Desde hace mucho tiempo estoy convencido de que la única finalidad de la monarquía española es tener entretenido al populacho. Todo eso de institución moderadora, símbolo de la unidad y permanencia de la nación y demás trafulla dialéctica que pone en el Título II de la Constitución son chorradas que no se creen ni los más partidarios del invento. A la hora de la verdad, la familia borbonesca viene a ser una compañía teatral de élite —magníficamente subvencionada— que cada cierto tiempo monta un entremés, un astracán, una tragicomedia de enredo o lo que se tercie para solaz del respetable, que ya sea pro o anti, sigue las andanzas con extraordinaria atención. Ya quisieran los culebrones o las telemovies de moda tener asegurada la media de share de las producciones de Zarzuela S.L.
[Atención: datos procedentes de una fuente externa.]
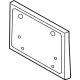 Toyota 52114-02300 BRACKET, FR BUMPER E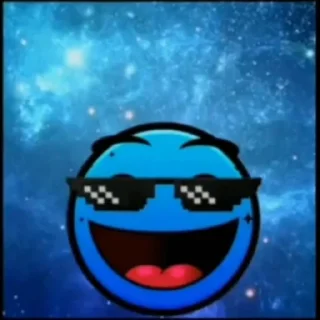 😃 emoji Гд лица Telegram sticker 5 of 49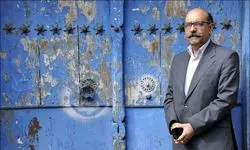 «شب مجتبی ملک‌زاده» در فرهنگسرای نیاوران برگزار می‌شود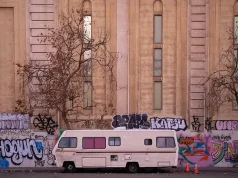 Ten Years In: Why Selling Your Older RV in Ohio Can Be a Tough Journey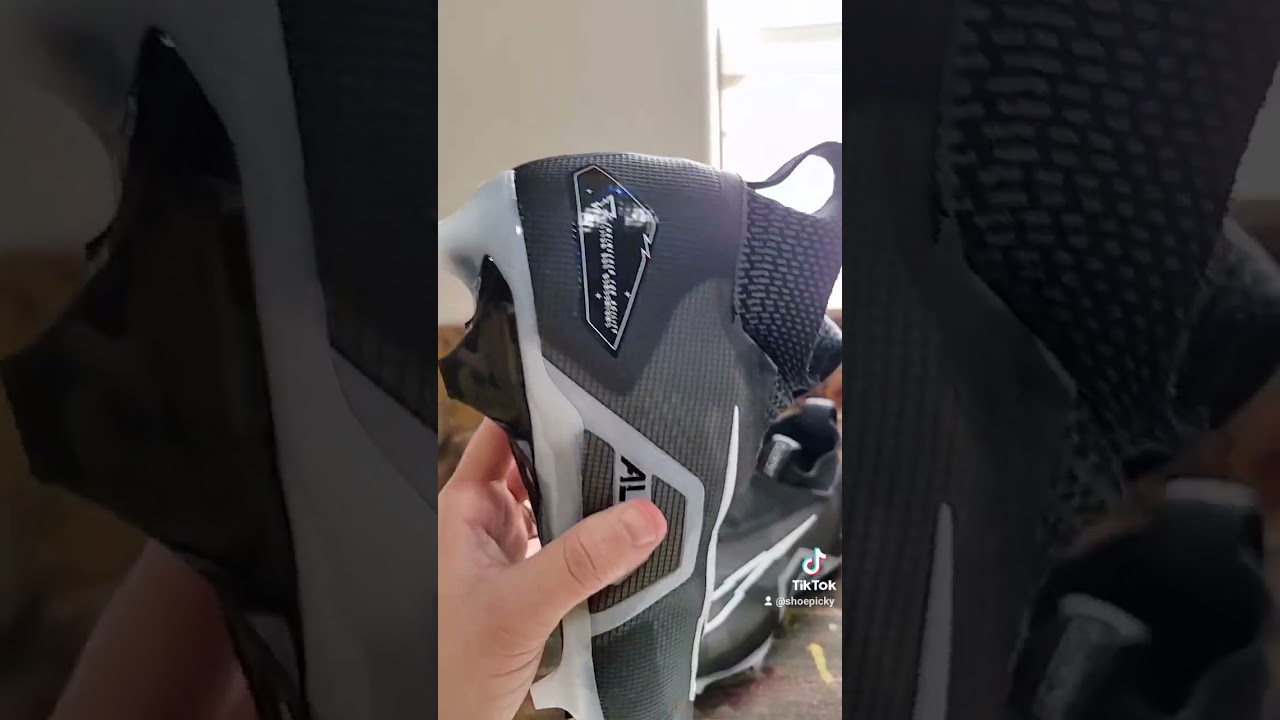 Nike Alpha Menace Elite: The Ultimate Choice for Sneakerheads on the Rise Nike Alpha Menace Elite: The Ultimate Choice for Sneakerheads on the Rise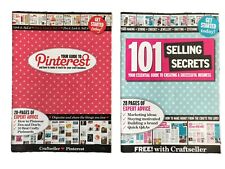 Craftseller magazines for sale  LITTLEHAMPTON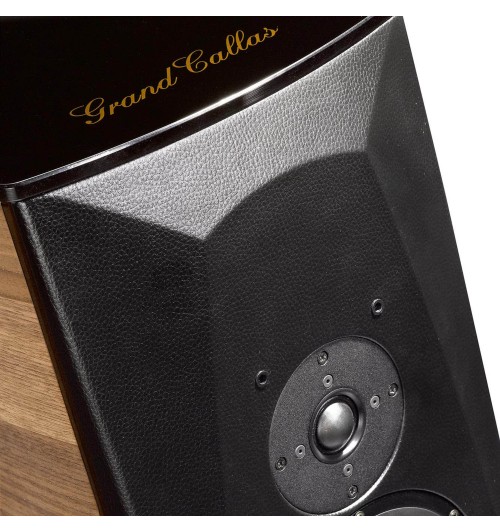 Opera Loudspeakers Grand Callas - Podłogowe kolumny głośnikowe Hi-End (para)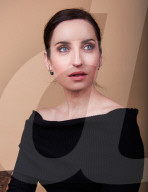 PEOPLE - Stars posieren für die Deadline Hollywood Portraits im Studio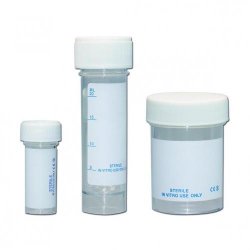 Slika za LLG-SAMPLE CONTAINERS, 7ML, PS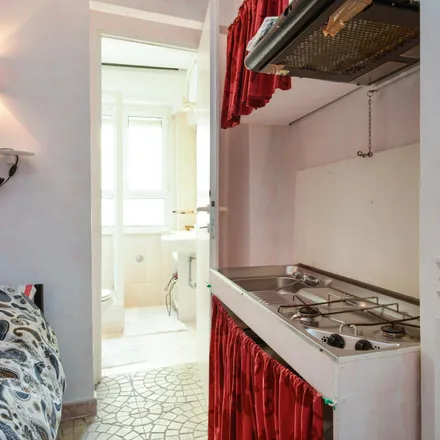 Image 6 - Pezzana, Via Giacinta Pezzana, 00197 Rome RM, Italy - Apartment for rent
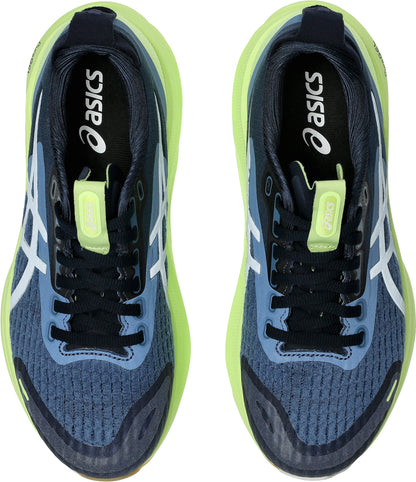 Asics Gel Kayano 32 Lite-Show Womens Running Shoes - Blue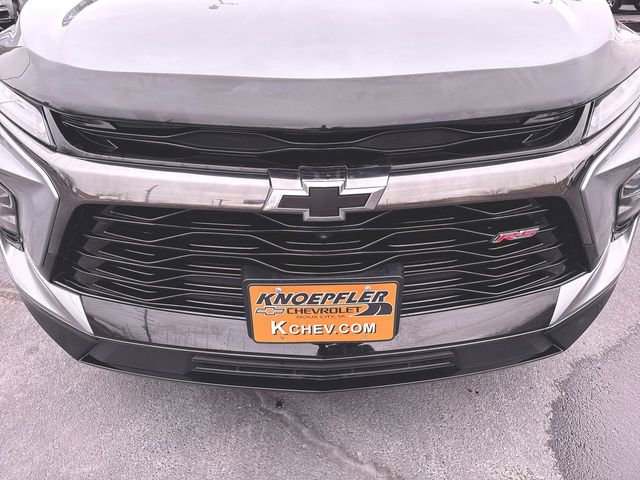 Used 2024 Chevrolet Blazer RS w/ Driver Confidence II Package image 33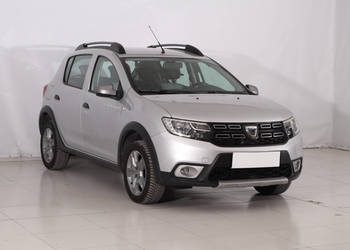 Dacia Sandero 0.9 TCe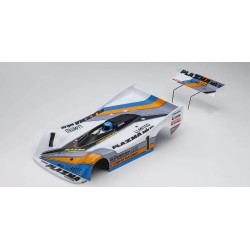 Kyosho Kit Plazma MkIII Limited wd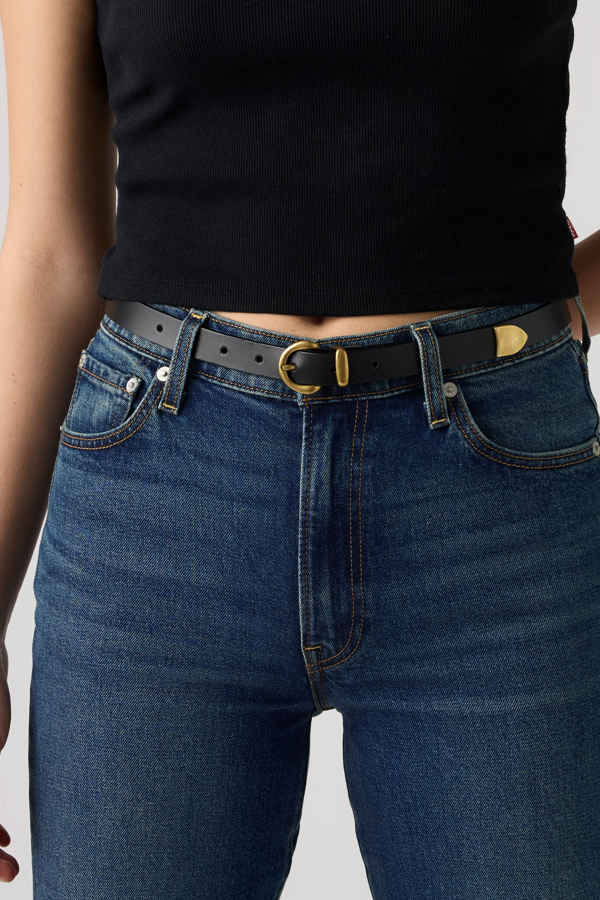 Levi's Skye 3 Piece riem - Women's - 90 -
Aunque se esté entre los que silban el Himno de Riego en la ducha, habrá que reconocer que en este campo el clan de los juancarlines resulta insuperable. Después de 37 años (más los que estuvieron como meritorios con el bajito de Ferrol) sobre el escenario, no sólo no han perdido punch, sino que en los últimos tiempos están demostrando su capacidad para mantener simultáneamente en cartel varias piezas de todos los géneros y siempre con la máxima intensidad dramática. Lo mismo le dan al thriller de estafas de altos fondos que te hacen una función de desgracias familiares con protagonista infantil. Y, cuando parecía que la cosa no daba más de sí, nos regalan un vodevil de trompas africanas que termina con una cadera ortopédica, el descubrimiento de la amante número ene y la constatación de que para el actor principal “arrimar el hombro y sacrificarse” significa hacerse un bisnes erótico-etílico-cinegético de cuarenta mil euros para arriba. No hay guionista que lo mejore.
Como no sabemos cuánto queda para la tercera (o, en nuestro caso, la primera), hagamos acopio de cinismo y sigamos disfrutando del show.